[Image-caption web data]

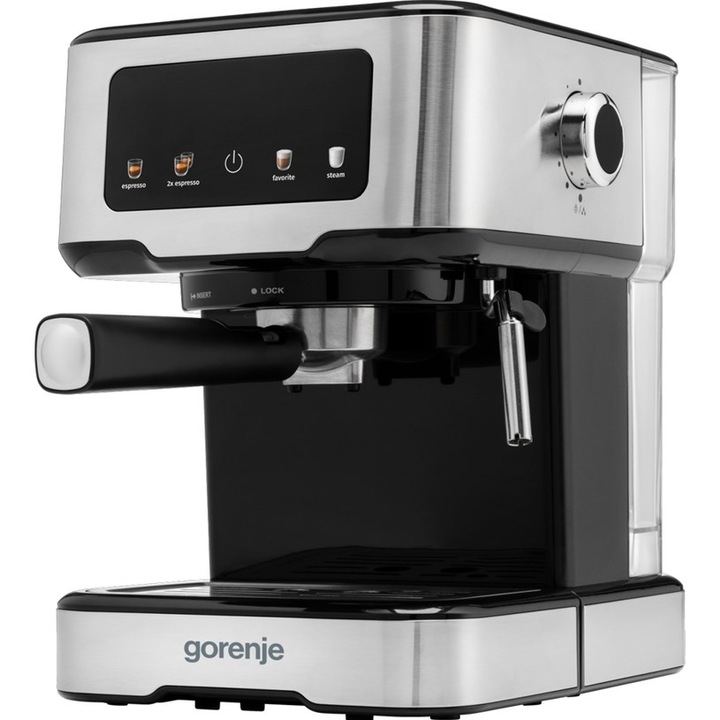 Espressor Manual Gorenje 744796, 1100 W, 15 bar, Touch, Rezervor 1.5 L, Gri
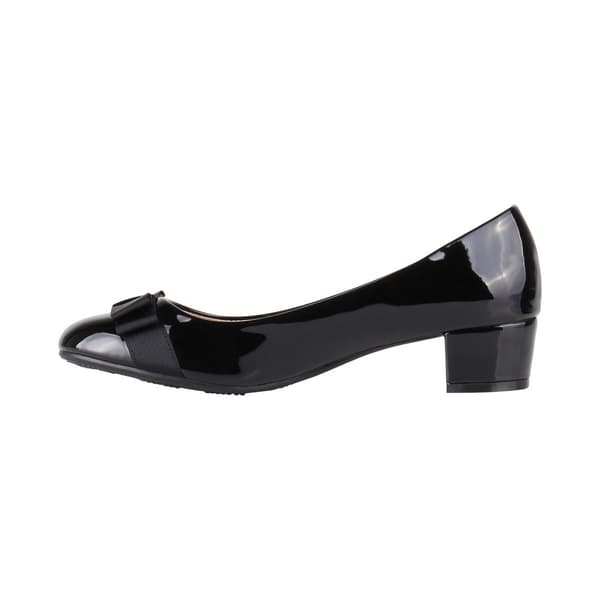Krisp Kvinnor/Ladies Bow Toe Low Heel Leather Court Shoe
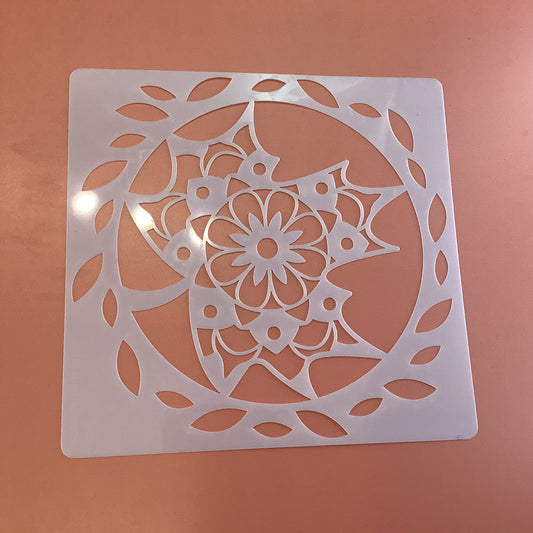 Mylar Maple Leaf Mandala stencil polymer clay trinket dish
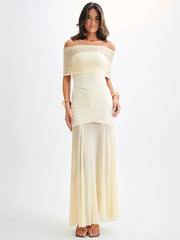 Jaide Off Shoulder Tulle Maxi Dress
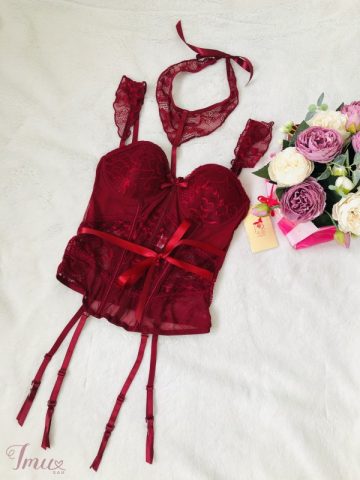 imusau.lt | listing Bordo spalvos korsetas su juostelėm kojinėms prisegti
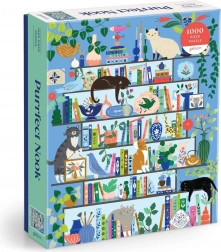 Puzzle GALISON PURRFECT NOOK – bibliothèque féline, 1000 pièces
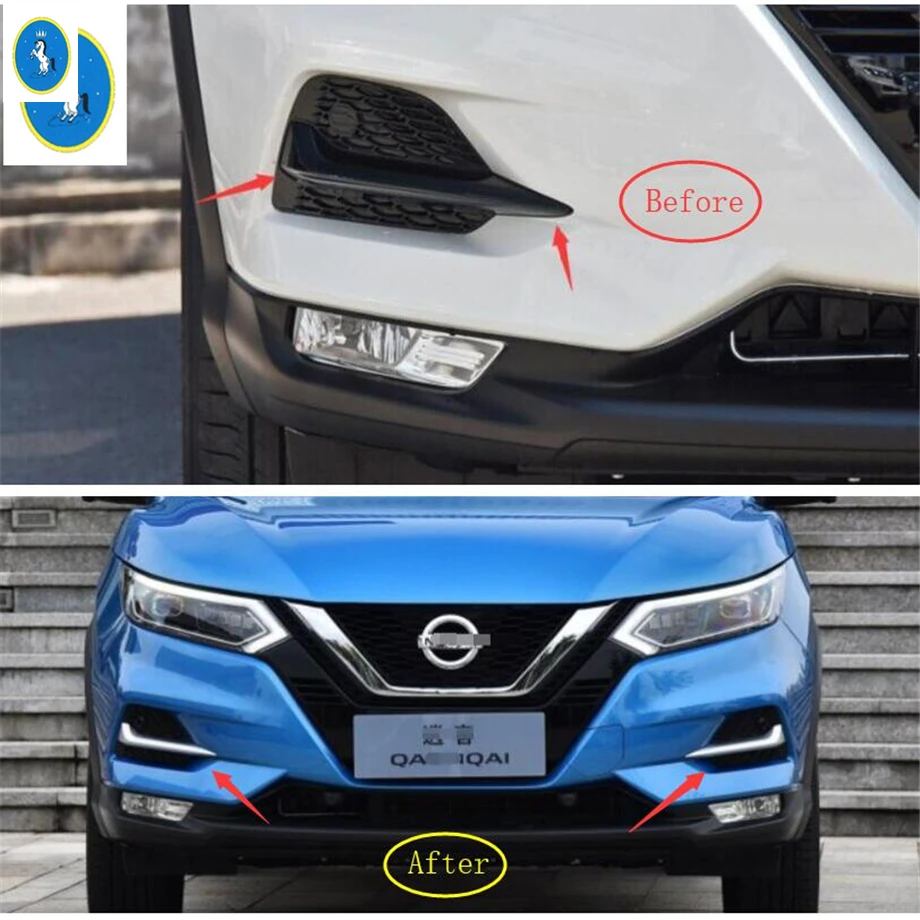 Chrome / Carbon Fiber Look Front Rear / Fog Lamps Lights Eyebrow Decor Cover Trim For Nissan Qashqai J11 2018 - 2021 Accessories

| ACTIVITY |
Return nothing except the lines from the one containing "Mylar Maple Leaf" through the final line of the data, copied exactly. Leave out all pictures.

| RESULT OF THIS TASK |
 Mylar Maple Leaf Mandala stencil polymer clay trinket dish
 Jaide Off Shoulder Tulle Maxi Dress
 imusau.lt | listing Bordo spalvos korsetas su juostelėm kojinėms prisegti
 Puzzle GALISON PURRFECT NOOK – bibliothèque féline, 1000 pièces
 Chrome / Carbon Fiber Look Front Rear / Fog Lamps Lights Eyebrow Decor Cover Trim For Nissan Qashqai J11 2018 - 2021 Accessories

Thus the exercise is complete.